It may seem as if it doesn't get much better than this for a costume designer. But the pressure is on to please fans of author Suzanne Collins' YA trilogy, who have purchased millions of copies of the books and have already broken the record previously held by"Twilight Saga: Eclipse"for advance ticket sales for the film, which opens March 23.
She needn't worry with this film, which depicts a dystopian universe of haves and have-nots, with a glittering Capitol that is the seat of "let them eat cake" power and the outlying districts, including the drab, impoverished District 12 that is Katniss and Peeta's home. The annual Hunger Games require 24 participants, a boy and a girl from each district who fight to the death until only one is left. And the "show" is broadcast live, watched by everyone in the land with the same fervor real-life viewers have for reality TV.
The costumes in the film are wonderful to look at, but they are also an interesting study because of how they reflect today's fashion world.
The simple beauty of the clothes in District 12, for example, recalls fashion's never-ending fascination with vintage work wear, authenticity and Americana, which is seen in "heritage" brands such as RRL and L.L. Bean. And the outrageous clothing in the Capitol brings to mind the see-and-be-photographed blogger culture that thrives on peacockish personal style and celebrates the kookiest among us, from Nicki Minaj to Bryan Boy.
There's also the legion of "Hunger Games" stylists — led by Cinna (Lenny Kravitz) — who help the Tributes, as the Hunger Games contestants are known, dress to impress. In the last decade, styling has become an industry unto itself.
Makovsky put as much thought and consideration into the low-key costumes for District 12 as she did for those in the Capitol.
She started her research by looking at photographs of working-class people from the turn-of-the-19th century to the 1960s in Appalachia and other places in America, particularly images by Lewis Hine and Mike Disfarmer. "We took the basics from that, the simple shapes of the clothes and the colors."
A pair of striped pants Katniss wears to hunt were made from an 1870s Levi Strauss pattern. Her caramel-colored leather jacket was modeled after 1940s styles plucked from costume houses for inspiration. It's not oversized, as specified in the book, where it is described as a hand-me-down from her father.
"We tried that, but it didn't look good, and she couldn't move her arms to shoot," Makovsky explains.

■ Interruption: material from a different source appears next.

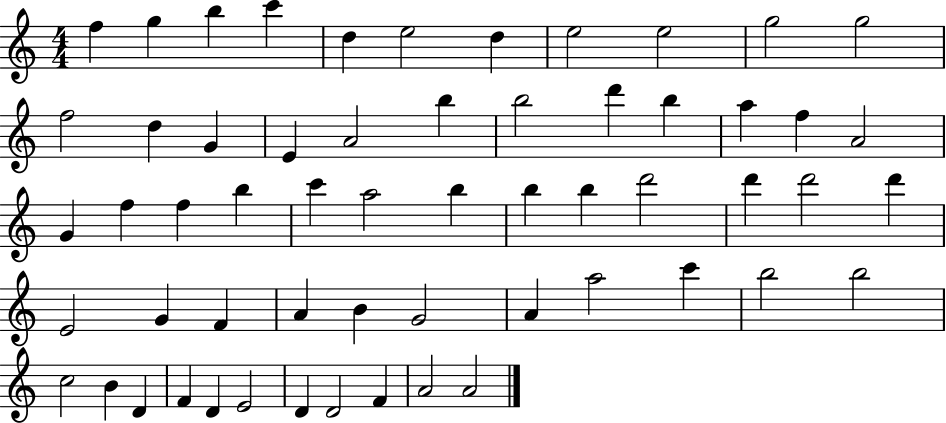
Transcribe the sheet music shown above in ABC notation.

The Sunday-best blue dress that Katniss wears at the Reaping, as the lottery for the Hunger Games is known, was also difficult to get right.
"We made dozens of different versions, some sheer, some not. Originally we thought it would be cotton, but rayon looked better. We found the fabric at the Western Costume fabric shop. And we bleached and dyed it to get just the right blue, and put some smocking at the top. It's supposed to be her mother's dress."
For inspiration for the Capitol costumes, Makovsky looked at Italian Fascist architecture and the work of 1930s and '40s fashion designer Elsa Schiaparelli for her "sense of elegance and amusement."
Filmgoers get their first taste of the Capitol when Effie Trinket (Elizabeth Banks), the ambassador to the Hunger Games, arrives for the Reaping dressed in a bum-hugging fuchsia dress and a pink wig with a vintage 1930s flower hat stuck on. Her gold booties are from Alexander McQueen, whose work comes to mind when looking at the Capitol dwellers.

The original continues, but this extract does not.